= Beginning of Section =
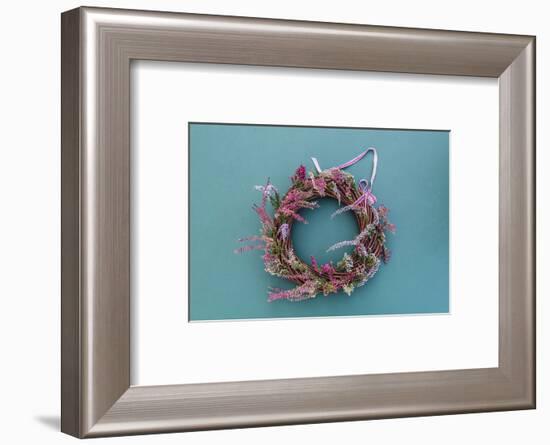 DIY, autumnal decoration, willow wreath, heather-mauritius images-Framed Photographic Print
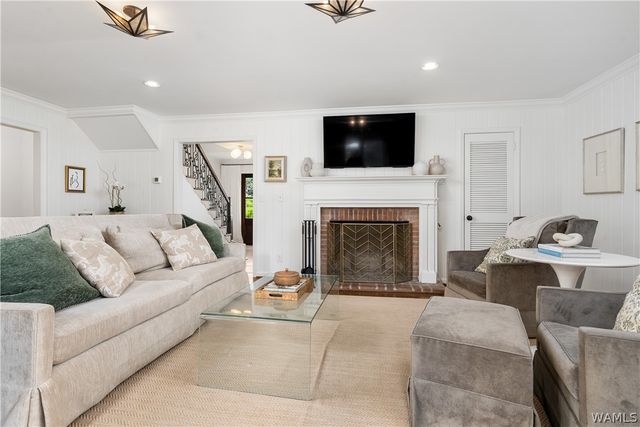 1208 Pinemont N, Tuscaloosa, AL 35406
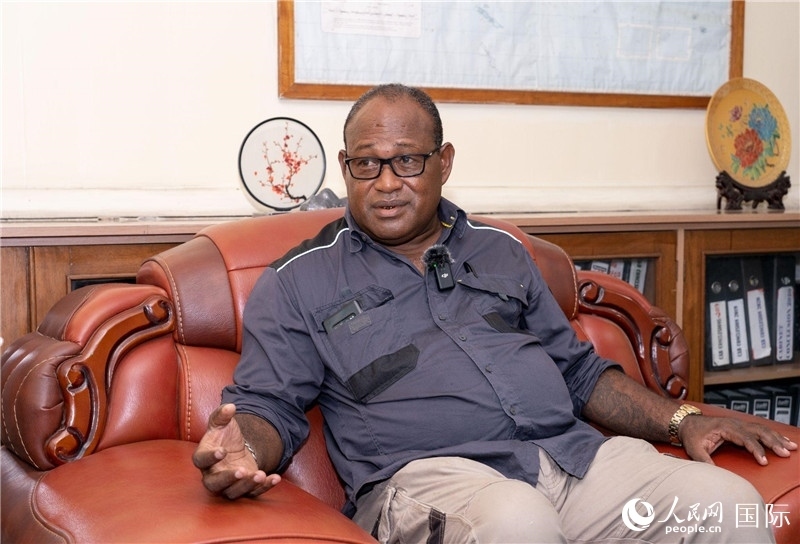 2023年9月13日，所羅門群島副總理兼基礎設施和發(fā)展部長梅納西·梅蘭加在首都霍尼亞拉接受人民網(wǎng)記者專訪。人民網(wǎng) 賀吉攝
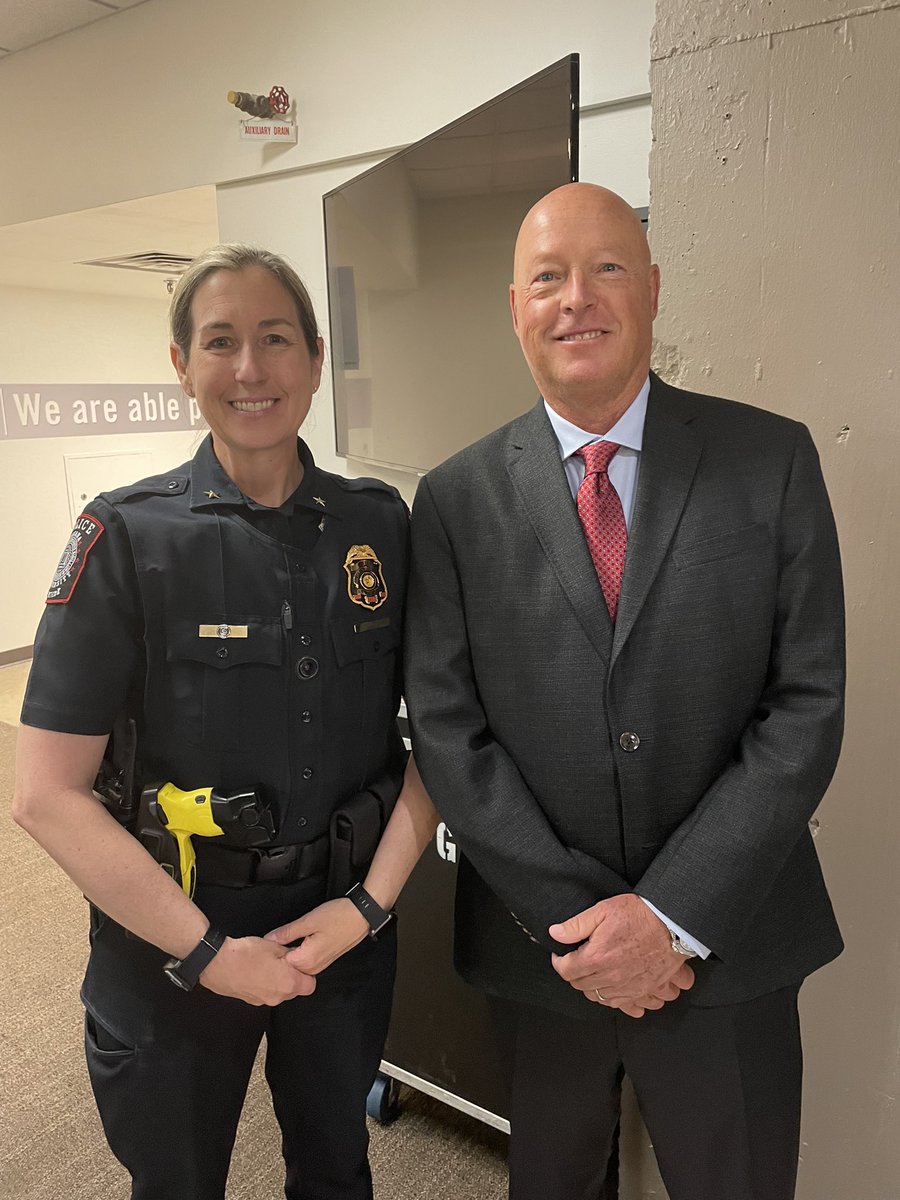 jill_lees's tweet photo. Honored to have met the IU Commencement speaker this morning, Disney CEO, Bob Chapek.  We both attended George Rogers Clark High School and are both proud alumni of Indiana University, College of Arts and Sciences.  #IUPD #Disney https://t.co/WU39xr7Ofs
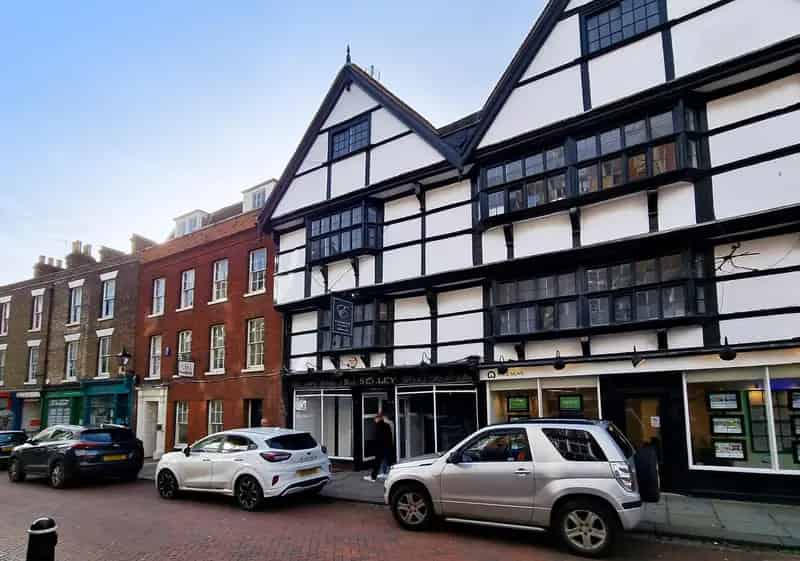 Grade I Listed Building with Retail Space and Rear Access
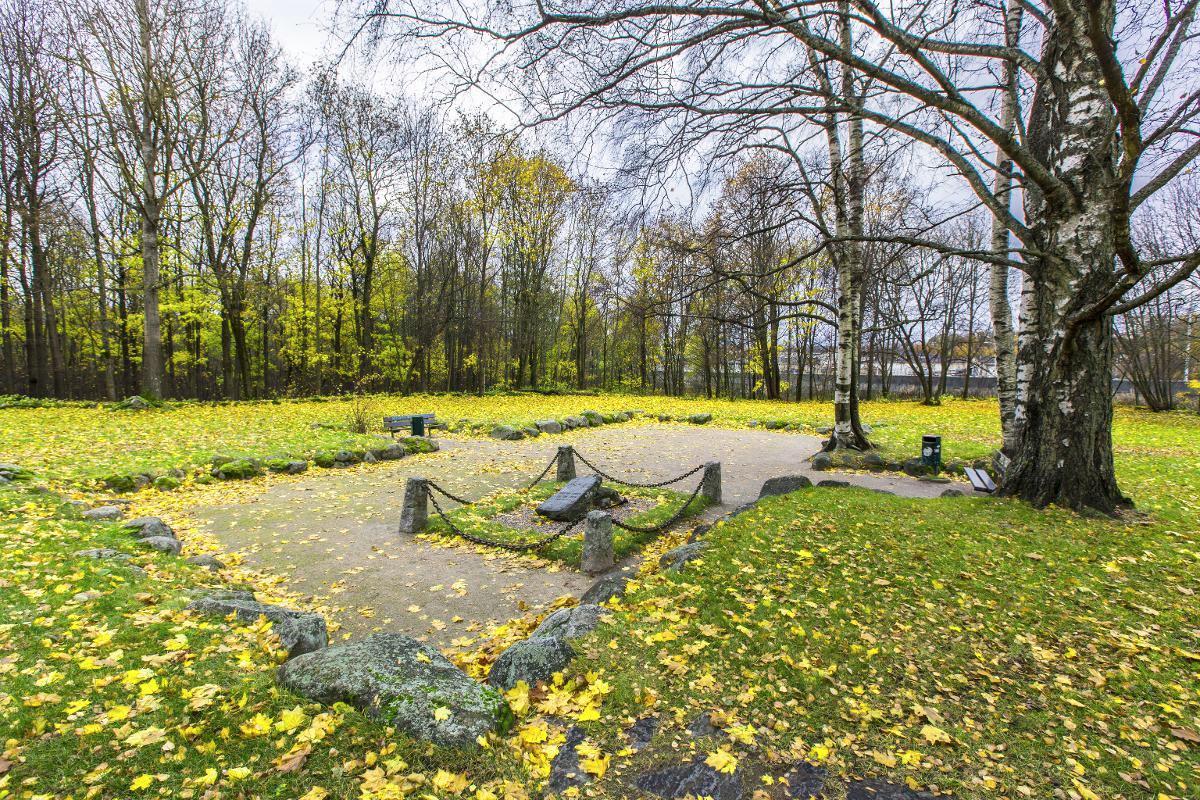 Vanhastakaupungista löytyy Helsingin ensimmäisen kirkon paikka. Kuva: Esko Jämsä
= End of Section =
• **Task brief**:
Retype the listing above exactly, please. Pictures do not belong in the copy.

• **Problem solution**:
 DIY, autumnal decoration, willow wreath, heather-mauritius images-Framed Photographic Print
 1208 Pinemont N, Tuscaloosa, AL 35406
 2023年9月13日，所羅門群島副總理兼基礎設施和發(fā)展部長梅納西·梅蘭加在首都霍尼亞拉接受人民網(wǎng)記者專訪。人民網(wǎng) 賀吉攝
 jill_lees's tweet photo. Honored to have met the IU Commencement speaker this morning, Disney CEO, Bob Chapek.  We both attended George Rogers Clark High School and are both proud alumni of Indiana University, College of Arts and Sciences.  #IUPD #Disney https://t.co/WU39xr7Ofs
 Grade I Listed Building with Retail Space and Rear Access
 Vanhastakaupungista löytyy Helsingin ensimmäisen kirkon paikka. Kuva: Esko Jämsä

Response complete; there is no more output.